Politics

How Election Recounts Can Change Laws

November 28th 2016

We all thought the election was contentious, but the aftermath has not led to a cooling off — not at all. While President-elect Donald Trump alleges, without any evidence, that he would have won the popular vote were it not for voter fraud, Green Party candidate Jill Stein has raised over $6 million to fund recounts in critical swing states that he won: Wisconsin, Michigan, and Pennsylvania.

No compelling evidence has emerged that hackers, Russian or otherwise, manipulated the results, and Trump's margins of victory in all three of the states are well beyond the size of any election result that has ever been overturned by a recount.

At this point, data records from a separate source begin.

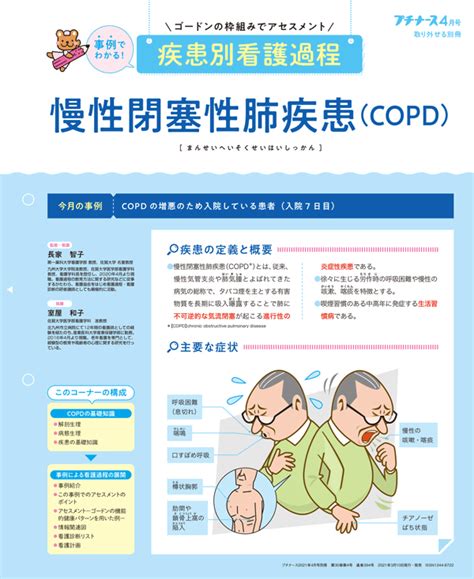 別冊 疾患別看護過程一覧 2021年度 プチナースweb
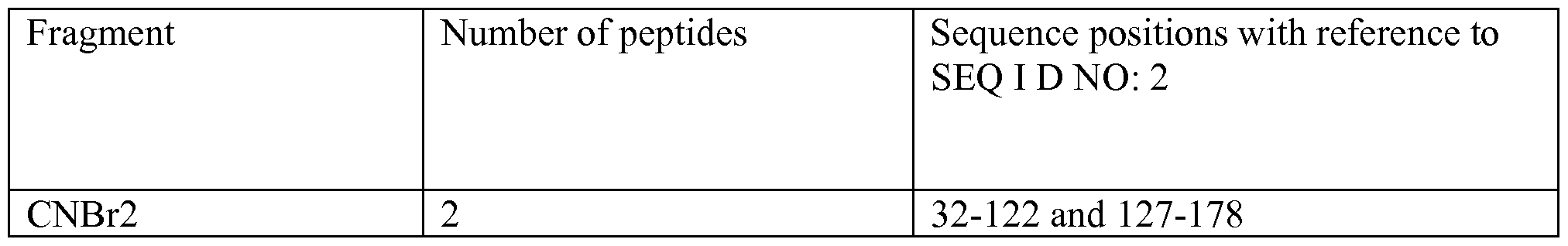 Figure imgf000099_0001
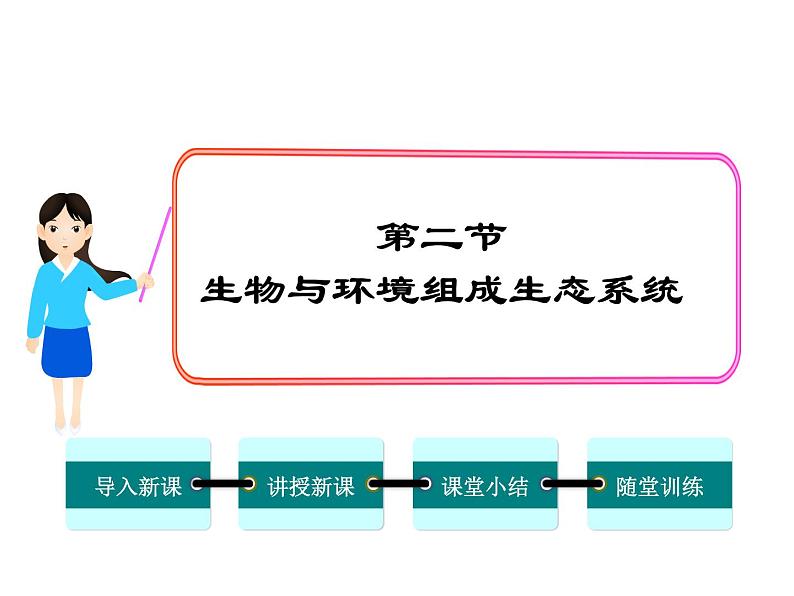 人教版七年级生物上册 第一单位生物和生物圈 第二章了解生物圈 第二节  生物与环境组成生态系统课件PPT第1页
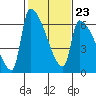 Stanwood tide chart for Thursday, February 23, 2023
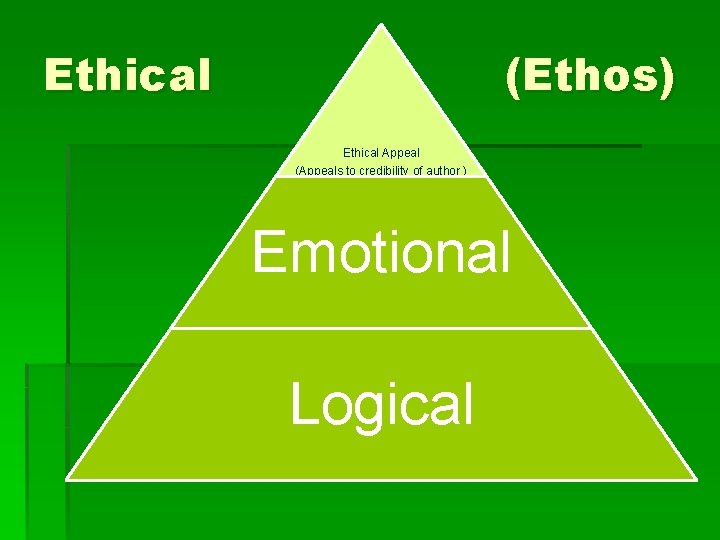 Ethical (Ethos) Ethical Appeal (Appeals to credibility of author ) Must show trustworthiness, reliability,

But as Stein maintained in an interview with National Public Radio, overturning Trump's wins isn't the goal; ensuring the fairness and accuracy of the election process is.

“In my view, this is not likely at all to change the outcome, and that’s what the computer and voting security experts say as well. They are not expecting the outcome to change here. But it’s the voters who benefit by standing up and saying we deserve a voting system that is secure in which we know our votes are being counted and our votes are being respected.”

Stein is correct in saying the recount is not likely at all to change the outcome in any of these states. Most recounts simply narrow or expand the slim margins that the winner prevailed by.

This was the case in the most famous recount in American history: Florida in the 2000 presidential election. The contentiousness of the recount led Florida to stop using its infamous punch-card ballots, only to replace them with ballots that couldn't be optically scanned because of design flaws.

Minnesota had two incredibly close elections go to recounts in three years: Al Franken's narrow victory via recount in the 2008 Senate race, and the state's gubernatorial election in 2010.

That governor's race saw the Democratic candidate win by 9,000 votes — a wide margin, but still close enough to allow for a recount under Minnesota laws that allowed for one in any election decided by less than half a percentage point. That recount accomplished little, and dragged the electoral process on for another month.

Those two cases led a former U.S. Attorney who worked on both recounts to make a number of suggestions for ways the state's election laws could change, including strengthening its Canvassing Board to make recounts go faster, and removing the legal requirement for a recount in the case of an election decided by half a percent. These suggestions weren't taken up, and Minnesota law still stands.

The governor's race in Washington in 2004 would go down as one of the closest in American history, with the initial tally showing the Republican candidate leading by just 261 votes. After three expensive recounts, the Democrat was left with a 129 vote lead and was sworn in — prompting a lawsuit and another recount. This didn't change the result, and the Republican finally conceded seven months after the election.

Victorious Governor Christine Gregorie then founded an Electoral Reform Task Force to ensure such an expensive and time consuming process didn't happen again.

The Task Force's paper recommended a host of changes to Washington electoral law, including moving the date of the state's primary, instituting stricter ID and registration laws, implementing more consistent procedures for vote counting, and allowing statewide voting by mail. Some of these suggestions became law, and the state went entirely to a vote-by-mail system in 2011.

It's not known what effect the 2016 recounts will have on those states' election laws, if they have any at all. The lesson is that recounts have never overturned a lead as large as Trump's, but they do provide a more accurate picture of what happened on Election Day — at the cost of a good deal of time and money.